Öyle olsa yüreklerde kopan fırtınanın ömrü, kelebek ömrü gibi 24 saati geçmez, bir anda unutulurdu.
İstanbul’da bir genci evire çevire döven, İzmir’de trafik kontrolü sırasında 19 yaşındaki genci alnından vuran polisleri konuşan, hatta hatırlayan yok. Çünkü bu hadiseleri gündemde canlı tutmakla hedeflenen siyasi yarar söz konusu değildir.
Soruna “insan hakları” ve “hukuk” perspektifinde bakılmayıp siyasi yarara endeksli tutum geliştirildiğinden çoğu zaman sapla saman karışır.
Zira tartışmayı alevlendiren, polislere reva görülen tavır değil, gerginlikten umulan siyasi yarardır. Oysa aksi olmalı, haksızlıklara karşı siyasi mülahazalardan uzak duruş sergilemeyi becermek, hak ihlali ve hukuksuzluğa odaklanmak gerekirdi.
Gelelim Dörtyol’a
Emniyet kantinini işleten Ömer Uzun ile Polis memuru Alper Atilla tost ve çay fiyatları üzerine tartışıyor, olaya daha sonra komiser yardımcısı Murat Emer müdahil oluyor. Bu noktada ayrıntıya girmeyeceğim, çünkü iki tarafın da anlatımı farklıdır. Ancak dayak görüntüleri kamera kayıtlarıyla sabittir.

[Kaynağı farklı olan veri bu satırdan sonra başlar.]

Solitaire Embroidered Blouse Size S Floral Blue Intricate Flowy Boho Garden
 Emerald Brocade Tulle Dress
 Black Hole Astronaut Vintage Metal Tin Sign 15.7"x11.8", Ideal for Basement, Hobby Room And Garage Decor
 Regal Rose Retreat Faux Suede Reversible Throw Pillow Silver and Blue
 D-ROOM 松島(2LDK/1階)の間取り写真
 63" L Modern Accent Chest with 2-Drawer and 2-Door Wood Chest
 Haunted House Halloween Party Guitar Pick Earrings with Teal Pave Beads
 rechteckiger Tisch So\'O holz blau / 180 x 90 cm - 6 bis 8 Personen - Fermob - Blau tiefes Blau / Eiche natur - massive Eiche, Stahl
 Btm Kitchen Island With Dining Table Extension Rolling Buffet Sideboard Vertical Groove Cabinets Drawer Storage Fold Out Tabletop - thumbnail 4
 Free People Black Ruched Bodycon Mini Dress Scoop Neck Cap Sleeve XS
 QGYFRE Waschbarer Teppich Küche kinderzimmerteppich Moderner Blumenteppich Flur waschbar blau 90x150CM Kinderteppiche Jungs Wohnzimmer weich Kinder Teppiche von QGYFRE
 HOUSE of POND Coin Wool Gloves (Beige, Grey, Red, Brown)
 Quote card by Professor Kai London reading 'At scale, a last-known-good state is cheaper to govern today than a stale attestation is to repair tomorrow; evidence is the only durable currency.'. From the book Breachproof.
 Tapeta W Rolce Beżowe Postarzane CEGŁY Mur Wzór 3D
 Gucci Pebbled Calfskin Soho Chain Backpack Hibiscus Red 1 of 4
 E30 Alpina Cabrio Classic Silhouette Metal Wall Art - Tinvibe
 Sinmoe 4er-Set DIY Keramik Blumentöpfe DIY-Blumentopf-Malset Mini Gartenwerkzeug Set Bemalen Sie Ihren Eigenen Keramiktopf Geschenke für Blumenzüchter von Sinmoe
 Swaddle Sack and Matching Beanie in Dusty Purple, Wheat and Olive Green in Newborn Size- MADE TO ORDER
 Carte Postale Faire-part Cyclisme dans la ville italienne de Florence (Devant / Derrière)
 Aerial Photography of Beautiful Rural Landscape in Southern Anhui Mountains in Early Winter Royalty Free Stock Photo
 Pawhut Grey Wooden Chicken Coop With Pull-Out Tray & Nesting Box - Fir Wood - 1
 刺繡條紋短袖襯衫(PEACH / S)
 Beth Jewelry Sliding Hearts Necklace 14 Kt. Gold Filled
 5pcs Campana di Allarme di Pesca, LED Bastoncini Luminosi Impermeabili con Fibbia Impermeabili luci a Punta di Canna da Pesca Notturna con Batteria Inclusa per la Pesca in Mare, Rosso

Kantinci genç, bu esnada arkadaşı olan AK Parti Hatay Milletvekili Hacı Bayram Türkoğlu’nun oğlu İstemi Kağan’ı arıyor. O da emniyete doğru yola çıkarken babasına ulaşıyor. Babası o esnada meclis genel kurulunda. Oğluna diyor ki: “Sakin ol, emniyet müdürüyle konuşurum.”
Ardından Emniyet Müdürü Mustafa Marangoz’u arıyor: “Tatsız hadiseler olmuş, benim çocuk da oraya geliyor, onları barıştıralım daha fazla büyümesin.”
Bir süre sonra İstemi Kağan yine babasını arıyor, polisin arkadaşıyla birlikte kendisini de tartakladığını anlatıyor. Bunun üzerine Hacı Bayram Türkoğlu, müdürü tekrar arıyor: “Ben size olay büyümesin, barıştırın diyorum adamların dayak atıyor.”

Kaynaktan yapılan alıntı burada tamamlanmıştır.